Instructions to follow: The reply should hold every line of the listing exactly, and none of its images.

The data:
==============================

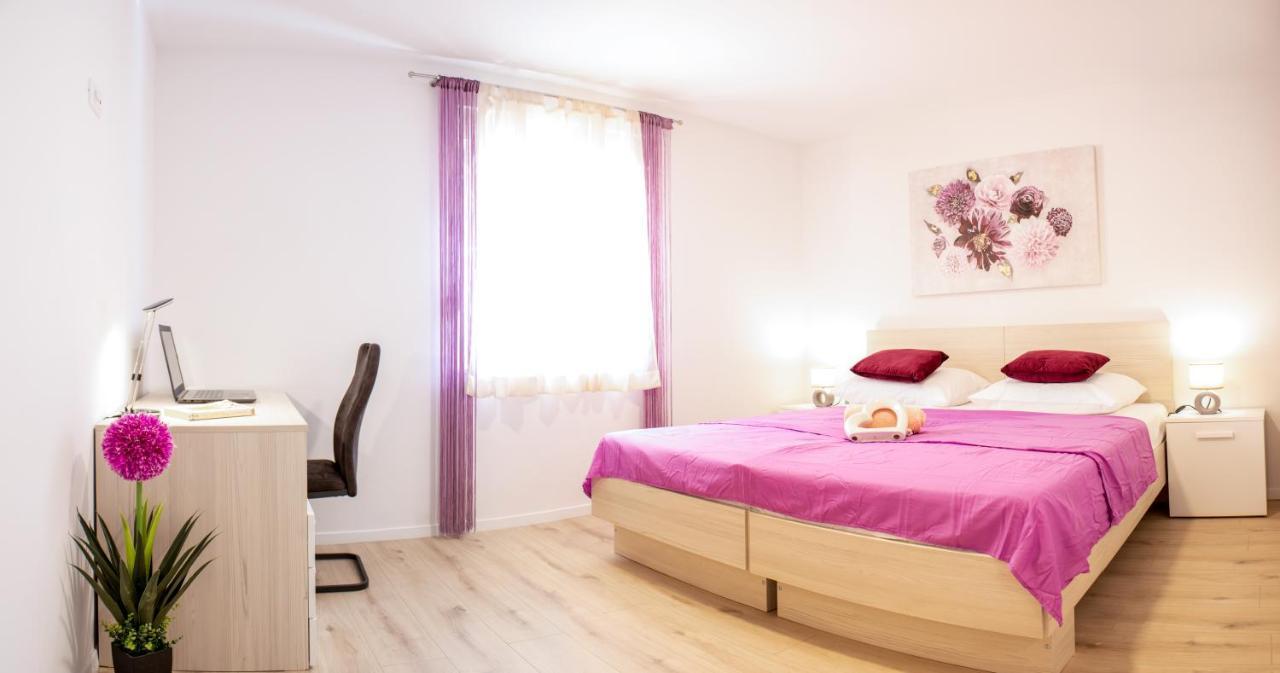 Julia's Beautiful For 6 With Parking Apartment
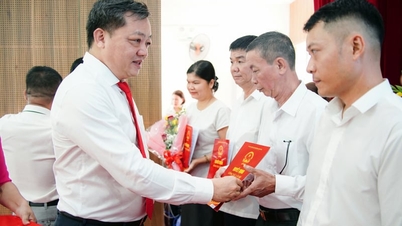 I Da Nang afholdt mange valgkredse ceremonier for at præsentere udnævnelsesbeslutninger for nabolagsgruppeledere efter vellykkede reorganiseringer og fusioner.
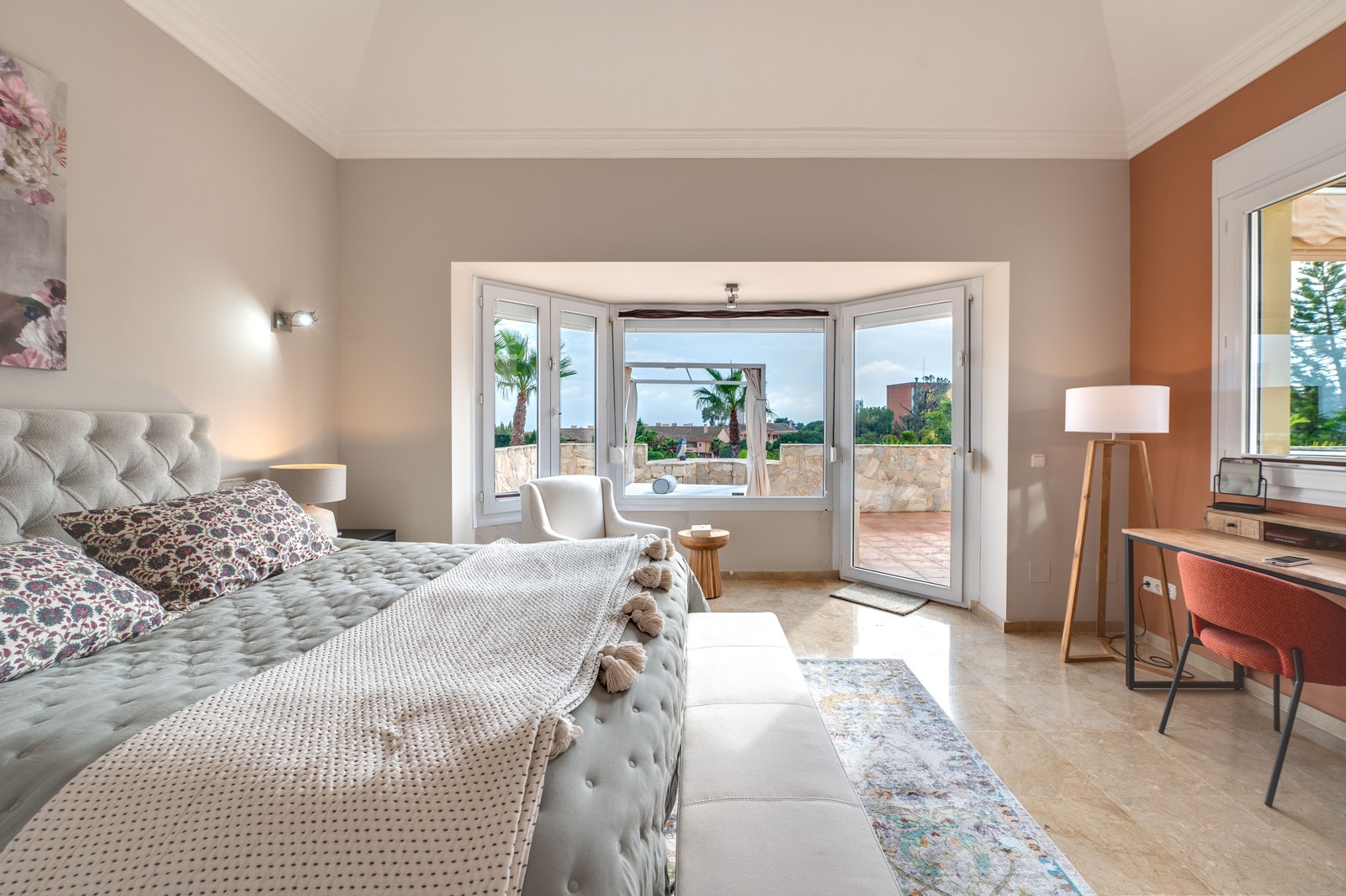 Store vinduer skaper en innbydende atmosfære. Galleribilde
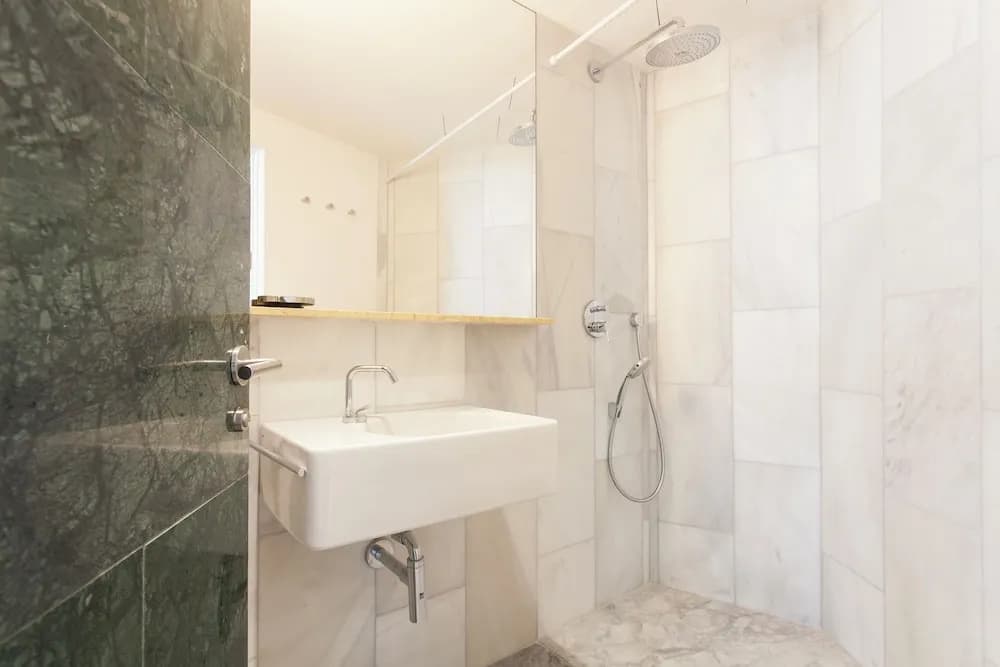 Aspasios City Oasis Apartments - photo 6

==============================

Result of the exercise:
 Julia's Beautiful For 6 With Parking Apartment
 I Da Nang afholdt mange valgkredse ceremonier for at præsentere udnævnelsesbeslutninger for nabolagsgruppeledere efter vellykkede reorganiseringer og fusioner.
 Store vinduer skaper en innbydende atmosfære. Galleribilde
 Aspasios City Oasis Apartments - photo 6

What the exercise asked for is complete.